Nach dem Konsortialvertrag waren die Vorzugsaktionäre verpflichtet, ihr Stimmrecht einheitlich auszuüben, und die Aktien nach ihrem Ausscheiden aus dem Vorstand oder Aufsichtsrat den verbleibenden Konsortialmitgliedern zum Kauf anzubieten. Hinsichtlich des zu zahlenden Kaufpreises sah der Konsortialvertrag vor, daß das ausscheidende Mitglied für den Verkauf seiner Vorzugsaktien einen Anteil am Konsortiumsvermögen auf Grund einer auf den Tag des Ausscheidens durchzuführenden Vermögensbestandsaufnahme ausbezahlt erhalten sollte. Die derzeitigen Mitglieder des Konsortiums erwarben - wie der Kläger - die ihnen angebotenen Vorzugsaktien zum Nennwert.

Die Vorzugsaktien konnten nach der Satzung der Aktiengesellschaft durch einen qualifizierten Mehrheitsbeschluß der Hauptversammlung in Stammaktien umgewandelt werden. Die Bestimmung der ursprünglichen Satzung, wonach in diesem Fall die Vorzugsaktien den Stammaktionären zum Nennwert anzubieten waren, wurde bereits im Jahre 1938 - und nachdem die Gesellschaft insbesondere wegen dieser Verpflichtung ein Urteil des RFH (vom 9. April 1937 III A 47/37 U, RStBl 1937, 604) erstritten hatte, das ihr die Bewertung der Vorzugsaktien nach dem Reichsbewertungsgesetz mit dem Nennwert bestätigte -, gestrichen. Eine Bestimmung über die Höhe des Entgelts für die Vorzugsaktien bei beschlossener Umwandlung enthält die Satzung seitdem nicht mehr.

Am 25. Mai 1959 beschloß die Hauptversammlung, die Vorzugsaktien im Verhältnis 1 : 1 in Stammaktien umzuwandeln. Gründe für die Umwandlung waren, daß die Gefahr der Überfremdung der Gesellschaft, die zu der Ausgabe der Vorzugsaktien geführt hatte, nicht mehr zu bestehen schien, und die Tatsache, daß der Entwurf des neuen Aktiengesetzes (AktG) Mehrstimmrechtsaktien nicht mehr vorsah. Das Konsortium wurde nach der Umwandlung von seinen Mitgliedern als aufgelöst angesehen Die neu ausgegebenen Stammaktien sollten vorerst an der Börse nicht gehandelt werden.

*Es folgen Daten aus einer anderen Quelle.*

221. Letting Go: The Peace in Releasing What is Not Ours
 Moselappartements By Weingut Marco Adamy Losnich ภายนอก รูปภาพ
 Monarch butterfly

Der Börsenkurswert der alten Stammaktien betrug am Tag der Umwandlung 213 %. Er stieg nach der Umwandlung an und erreichte am 31. Dezember 1959 318 %. Im folgenden Jahr verteilte die Aktiengesellschaft im Verhältnis 5 : 1 Gratisaktien und erhöhte weiterhin durch Ausgabe neuer Aktien zum Kurs von 100 % im Verhältnis von 6 : 1 das Grundkapital.

Der Beklagte und Revisionsbeklagte (FA) erhielt von diesem Sachverhalt durch eine am 16. November 1964 begonnene Betriebsprüfung bei der Aktiengesellschaft Kenntnis. Es behandelte den Unterschiedsbetrag zwischen dem Nennwert der Vorzugsaktien und dem Kurswert der Stammaktien in Höhe von 42 940 DM als geldwerten Zufluß im Rahmen der Einkünfte des Klägers aus nichtselbständiger Arbeit und berichtigte dementsprechend den Einkommensteuerbescheid für 1959.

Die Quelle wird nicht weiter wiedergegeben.